Selling to voluntary and compliance markets

Inlandsis II Fund will serve clients in voluntary and compliance markets. Like the first fund, Crête said it is investing in the Western Climate Initiative (the California and Quebec carbon market) and California’s low-carbon fuel standard market. It may also invest into Alberta’s compliance carbon market.

Fondaction Asset Management is “always on the look out for new markets that are developing,” and other U.S. states are seeking to link into California and Quebec’s carbon market or form their own carbon market, he added.

The rough estimate for a compliance to voluntary market ratio for the Inlandsis II Fund is 60 per cent to 40 per cent, but that may change, Crête said.

“We try to mitigate risk by splitting our investment between market segments. We know they are dynamic; regulations change.”

Crête could not disclose clients from the first fund, but said some were large companies in sectors like metal and mining or oil and gas.

Verifying its carbon credits

Crête said Fondaction Asset Management is working to address common criticisms of carbon credits.

For voluntary markets, the asset manager is working with standards like Verra and the American Carbon Registry. In compliance markets that require an independent, accredited third-party to perform audits, he said it is certifying its credits through the provincial and state governments to check the emissions reductions before they are registered, issued, certified and traded.

“Every time we invest in a project, we do a very thorough due diligence of the emission reduction it plans on generating or should be generating, carefully looking at the baseline or reference level that each project is assessing emissions reduction against, making sure that it is indeed robust.”

To ensure emissions reductions are happening, Crête said it is monitoring methane reductions in real time and seeing the levels decline.

To steer away from unqualified markets or ones without robust third-parties certifying the credits, the first fund was almost entirely focused on compliance markets connected to California’s, which Crête said made the company feel it “was a sign of quality and robustness of the market.”

The voluntary market has become more robust and transparent in issuing credits, he also observed.

With the Inlandsis II Fund, Fondaction Asset Management hopes to build carbon market expertise in Quebec to help support markets in the province and beyond.

“We’re not interested in being the only player in the space.

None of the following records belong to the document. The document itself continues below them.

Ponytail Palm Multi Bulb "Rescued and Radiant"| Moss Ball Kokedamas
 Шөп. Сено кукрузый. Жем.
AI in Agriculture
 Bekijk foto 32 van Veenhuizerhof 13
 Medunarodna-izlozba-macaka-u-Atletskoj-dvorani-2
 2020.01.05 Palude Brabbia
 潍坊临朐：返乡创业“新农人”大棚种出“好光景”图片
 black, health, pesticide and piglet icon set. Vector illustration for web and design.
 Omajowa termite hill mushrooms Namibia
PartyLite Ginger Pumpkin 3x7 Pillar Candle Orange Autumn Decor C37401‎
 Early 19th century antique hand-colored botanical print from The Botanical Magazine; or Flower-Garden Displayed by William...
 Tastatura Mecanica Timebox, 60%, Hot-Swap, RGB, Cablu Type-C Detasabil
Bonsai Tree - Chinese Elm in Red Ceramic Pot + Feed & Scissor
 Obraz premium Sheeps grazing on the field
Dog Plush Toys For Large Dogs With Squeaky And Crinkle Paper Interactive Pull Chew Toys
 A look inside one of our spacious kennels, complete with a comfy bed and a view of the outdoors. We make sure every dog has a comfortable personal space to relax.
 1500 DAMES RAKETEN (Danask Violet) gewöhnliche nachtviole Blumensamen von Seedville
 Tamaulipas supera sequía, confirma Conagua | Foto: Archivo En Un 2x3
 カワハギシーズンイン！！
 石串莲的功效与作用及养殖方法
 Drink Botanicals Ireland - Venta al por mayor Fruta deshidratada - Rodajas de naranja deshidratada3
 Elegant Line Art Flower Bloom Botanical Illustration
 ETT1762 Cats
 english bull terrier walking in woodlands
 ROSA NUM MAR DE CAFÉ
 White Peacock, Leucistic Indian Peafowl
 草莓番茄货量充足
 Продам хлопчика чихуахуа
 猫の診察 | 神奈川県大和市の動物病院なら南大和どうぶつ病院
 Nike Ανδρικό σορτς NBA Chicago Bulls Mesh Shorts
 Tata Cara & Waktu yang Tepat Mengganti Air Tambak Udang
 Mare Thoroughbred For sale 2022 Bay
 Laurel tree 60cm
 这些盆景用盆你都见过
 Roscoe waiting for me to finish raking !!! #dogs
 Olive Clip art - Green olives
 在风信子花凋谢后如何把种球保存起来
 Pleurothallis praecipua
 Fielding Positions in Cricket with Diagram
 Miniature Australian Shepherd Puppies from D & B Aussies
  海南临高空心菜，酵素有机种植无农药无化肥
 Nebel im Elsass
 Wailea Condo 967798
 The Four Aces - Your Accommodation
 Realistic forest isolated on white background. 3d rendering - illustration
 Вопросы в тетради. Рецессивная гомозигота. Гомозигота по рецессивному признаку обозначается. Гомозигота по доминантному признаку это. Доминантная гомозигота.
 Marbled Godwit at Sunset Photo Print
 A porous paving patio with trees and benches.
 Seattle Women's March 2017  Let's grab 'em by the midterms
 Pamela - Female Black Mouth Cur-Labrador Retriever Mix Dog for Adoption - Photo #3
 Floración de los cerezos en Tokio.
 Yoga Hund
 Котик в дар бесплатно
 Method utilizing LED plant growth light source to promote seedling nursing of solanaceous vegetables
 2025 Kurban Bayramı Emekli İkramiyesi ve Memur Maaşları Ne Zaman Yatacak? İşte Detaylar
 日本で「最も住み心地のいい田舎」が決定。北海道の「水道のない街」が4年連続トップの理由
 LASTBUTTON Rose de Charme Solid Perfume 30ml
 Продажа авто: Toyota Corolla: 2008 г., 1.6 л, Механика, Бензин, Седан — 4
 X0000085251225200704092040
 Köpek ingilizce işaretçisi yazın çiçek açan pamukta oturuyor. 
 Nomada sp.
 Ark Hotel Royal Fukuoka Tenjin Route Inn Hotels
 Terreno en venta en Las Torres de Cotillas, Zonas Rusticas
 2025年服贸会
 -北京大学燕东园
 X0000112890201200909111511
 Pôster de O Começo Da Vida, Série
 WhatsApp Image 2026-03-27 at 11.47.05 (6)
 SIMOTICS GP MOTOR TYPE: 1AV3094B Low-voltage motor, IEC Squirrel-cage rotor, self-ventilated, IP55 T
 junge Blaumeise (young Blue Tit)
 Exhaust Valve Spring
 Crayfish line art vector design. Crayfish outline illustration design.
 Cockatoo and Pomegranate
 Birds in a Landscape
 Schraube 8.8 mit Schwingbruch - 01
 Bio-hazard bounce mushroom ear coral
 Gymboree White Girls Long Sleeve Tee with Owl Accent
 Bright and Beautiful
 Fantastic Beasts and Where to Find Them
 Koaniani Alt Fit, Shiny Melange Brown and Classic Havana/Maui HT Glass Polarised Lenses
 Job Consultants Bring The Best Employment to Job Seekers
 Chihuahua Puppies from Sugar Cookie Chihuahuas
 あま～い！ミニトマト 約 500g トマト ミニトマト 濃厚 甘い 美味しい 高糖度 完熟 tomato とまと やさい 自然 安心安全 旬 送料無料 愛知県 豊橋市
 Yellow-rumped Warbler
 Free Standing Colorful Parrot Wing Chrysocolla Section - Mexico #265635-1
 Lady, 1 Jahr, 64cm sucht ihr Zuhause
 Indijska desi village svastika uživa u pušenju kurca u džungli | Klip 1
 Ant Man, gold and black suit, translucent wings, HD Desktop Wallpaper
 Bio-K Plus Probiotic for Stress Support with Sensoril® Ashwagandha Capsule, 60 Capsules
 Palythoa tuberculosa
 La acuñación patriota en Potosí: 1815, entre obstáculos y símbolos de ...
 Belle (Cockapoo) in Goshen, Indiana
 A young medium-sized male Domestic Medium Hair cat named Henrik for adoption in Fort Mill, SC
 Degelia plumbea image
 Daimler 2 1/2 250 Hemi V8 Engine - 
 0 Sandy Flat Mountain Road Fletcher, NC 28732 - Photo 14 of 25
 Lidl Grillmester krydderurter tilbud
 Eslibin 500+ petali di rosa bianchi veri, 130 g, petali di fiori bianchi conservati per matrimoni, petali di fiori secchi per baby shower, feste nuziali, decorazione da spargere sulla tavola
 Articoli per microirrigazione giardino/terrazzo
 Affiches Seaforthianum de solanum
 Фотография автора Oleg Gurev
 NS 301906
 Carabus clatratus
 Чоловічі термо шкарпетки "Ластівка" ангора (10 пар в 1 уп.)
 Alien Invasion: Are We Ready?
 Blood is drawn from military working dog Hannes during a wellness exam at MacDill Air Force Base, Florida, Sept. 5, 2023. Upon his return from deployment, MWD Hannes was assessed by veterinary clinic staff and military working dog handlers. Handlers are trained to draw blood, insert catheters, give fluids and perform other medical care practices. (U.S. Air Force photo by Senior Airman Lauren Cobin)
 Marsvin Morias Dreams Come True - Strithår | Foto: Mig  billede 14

We’re rather interested in creating new market segments and stimulating innovation so that others can embark on this journey and generate more investments in this space and raise more capital in the space.”

Editor's note: Corrected Fondaction's funds under management and the number of pensioners it serves. We also clarified Fondaction Asset Management "committed funds" rather than "added." Fund II will support and create carbon credits for both compliance and voluntary markets, not just voluntary. We regret the errors.